In Kadion near Perlepe a small group of rebels were surprised by the Turks in an old tower. They defended themselves an entire day and part of the night, and when they had exhausted their supply of gunpowder killed themselves with potassium cyanide. When the Turks entered the tower at dawn, they found seven bodies. Leader of the group was Metodi Patsjef, a young teacher from Ukrida, lively, energetic, loud, known for being outspoken against the Muslim rule, and sentenced three years prison for murder, in spite of his innocence and the presence of an alibi. When he was released from prison, where he had met others innocently jailed like himself, he had only the single wish to take revenge on his executioners. He found death trying. Will the same happen to all other brave leaders against the Muslim occupation that happened to him? Will we see the Macedonians share the fate of the Armenians?”

No European popular movement was strong enough to make their governments interfere. While the population were taken by the dawning Christian awakening, the politicians were of a different kin. For them only cold calculations and realpolitik were taken into consideration. The political calculations won, and in particular the distrust towards Russia. Russia had repeatedly intervened with force to protect one Christian population after another, when the massacres became too violent, but the secularized European governments would not let religion influence them. They were worried that the Tsar and Russia would have too great influence over the Christians in the Balkans, in Greece and in Turkey. England and France repeatedly forced the Russian relief troops back with threats of interventions and talk of the good intentions of Turkey.

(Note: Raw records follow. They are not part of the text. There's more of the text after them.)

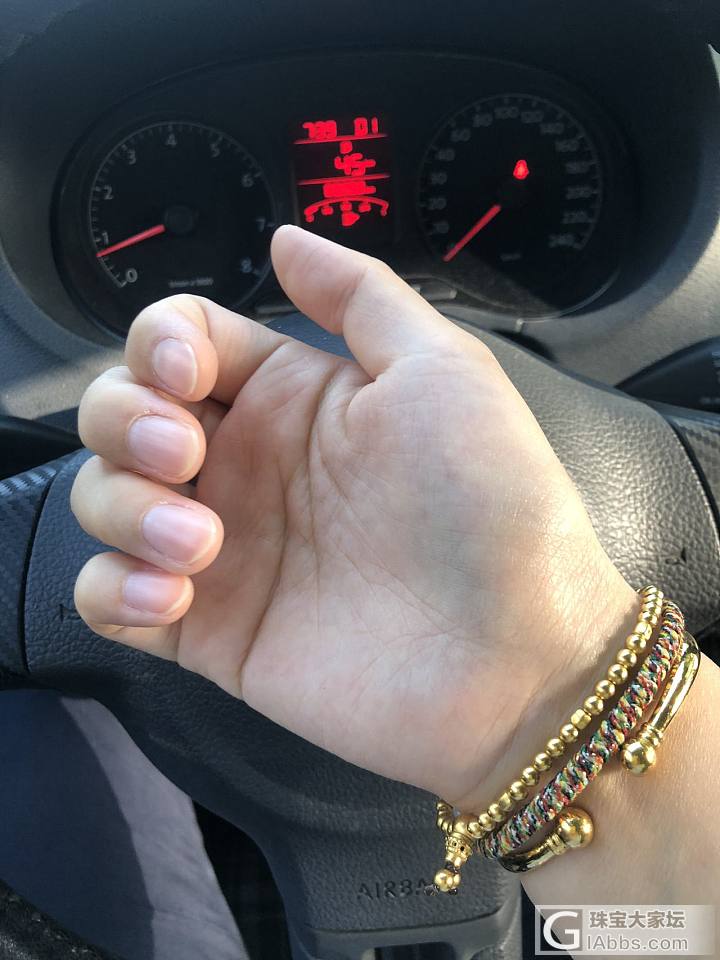 大家都来晒晒自己的金镯好吗?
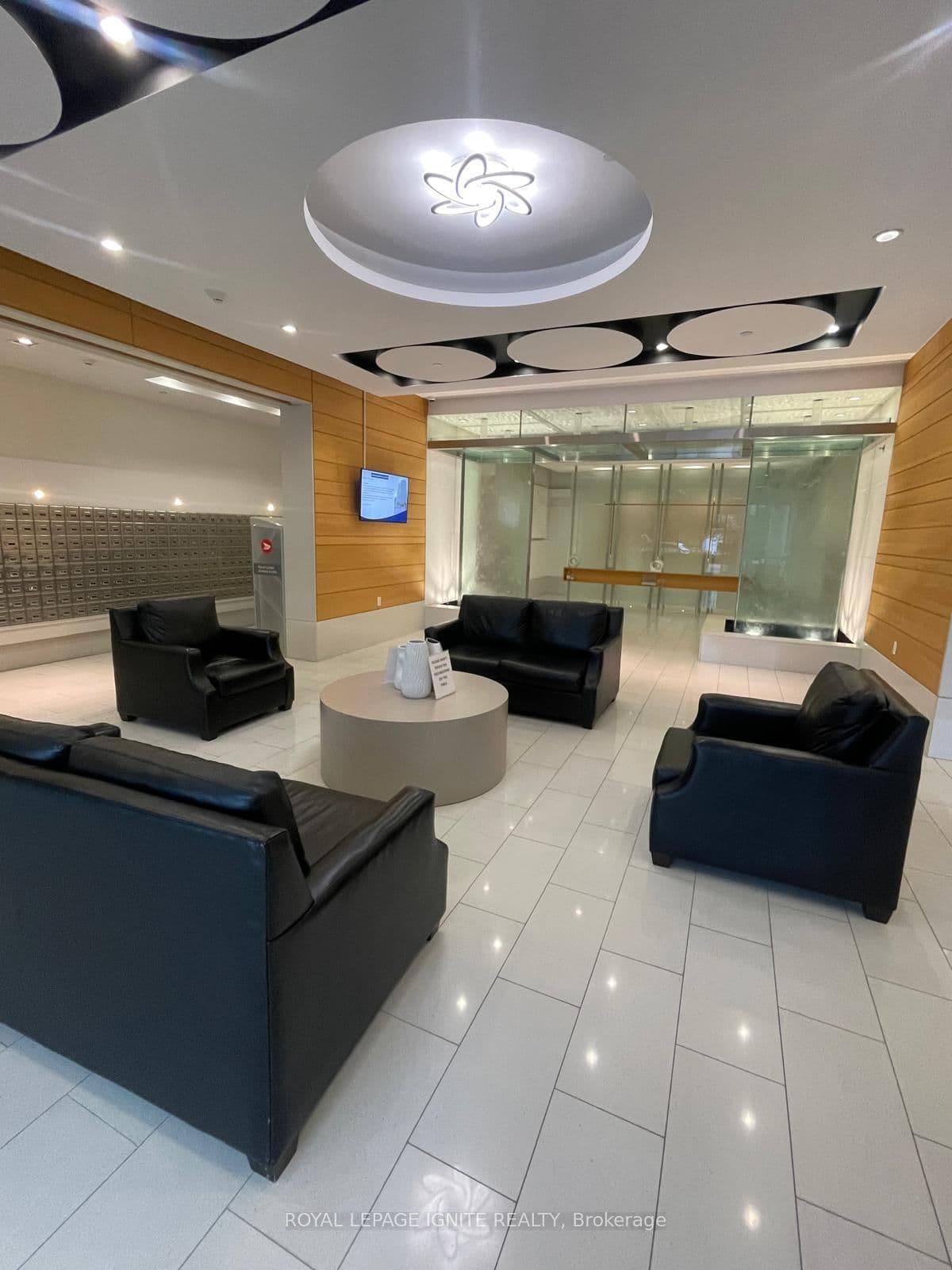 83 Borough Drive, Unit 711 thumbnail 3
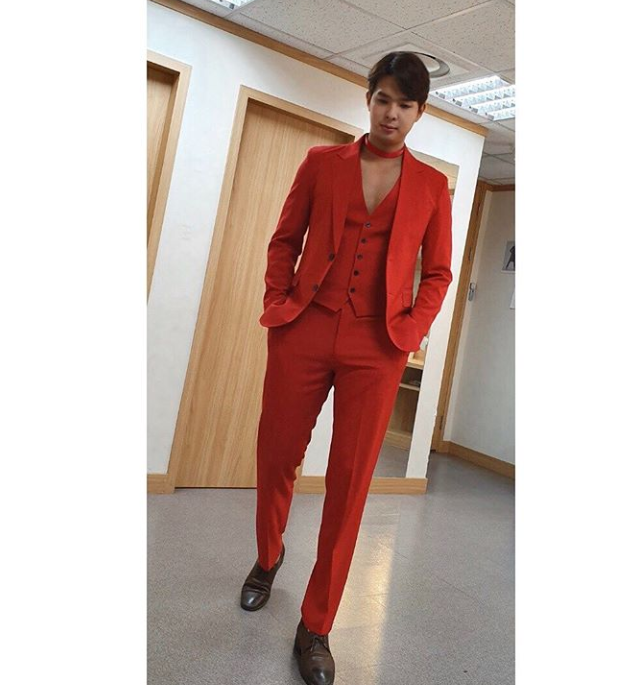 `미스터트롯` 류지광, 수트 사이로 보이는 상남자 근육 `폭발`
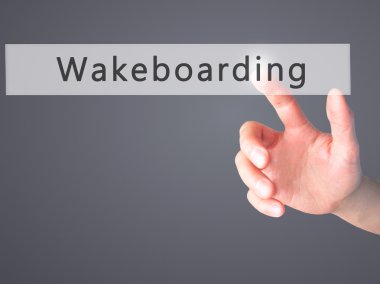 Wakeboarding - arka plan bulanık konsantrasyon üzerinde bir düğmeye basarak el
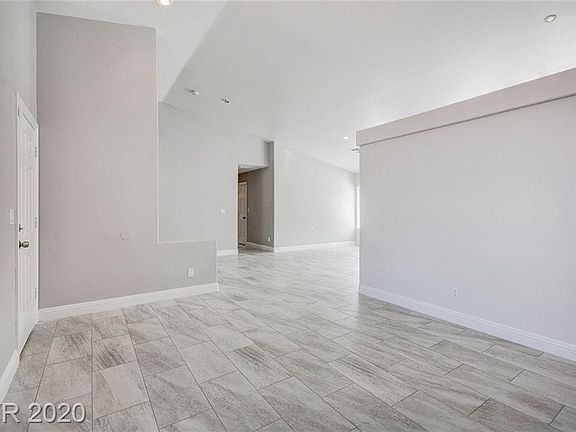 5th image of 5921 Blush Ave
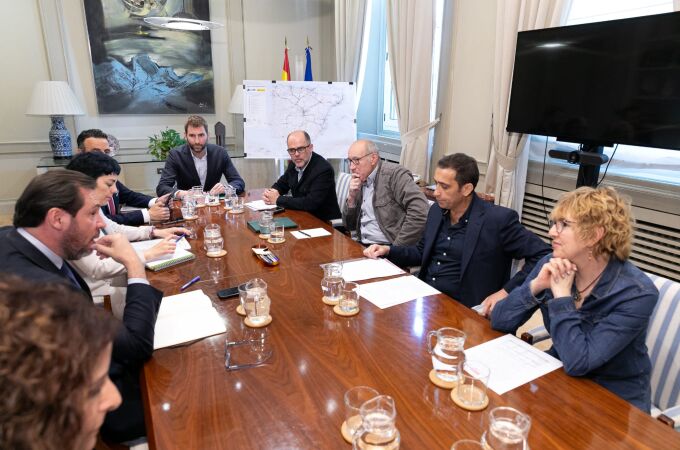 Un instante de la reunión que ha mantenido el ministro Óscar Puente con el secretario regional de CCOO, Vicente Andrés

To what extent the political calculus was decisive can be seen from the British Bluebook-Turkey 1876, which is a reply from the British representative in Constantinople (Istanbul), Sir Henry Elliot, to the British minister of foreign affairs. His words reveal with no hesitation the terrible truth of the so-called civilized European policies. This Bluebook is written on the occasion of the indignation among the Christians in the British population after the killings in Bulgaria.

He writes: “We can and should feel enraged over the useless and dull hardness with which the Bulgarian liberation movement was crushed; but the forced position in which England finds itself, demanding to refrain from any changes detrimental to ourselves, must not let us influence by the question of how many lives were lost in Bulgaria; the terrible atrocities cannot be enough reason to give up our policies, which should rightly be followed out of regard to our welfare.”

It was this policy of closed eyes towards the transgressions of Islam, conquests and slaughters, that made possible for one genocide to follow another on European soil: Serbs, Jews, Greeks, Macedonians, Bulgarians, Armenians. And the same can be heard today, when apologists, being indifferent to the Islamic genocides, praise the openness and tolerance of Islam as well as the beauty of the Quran.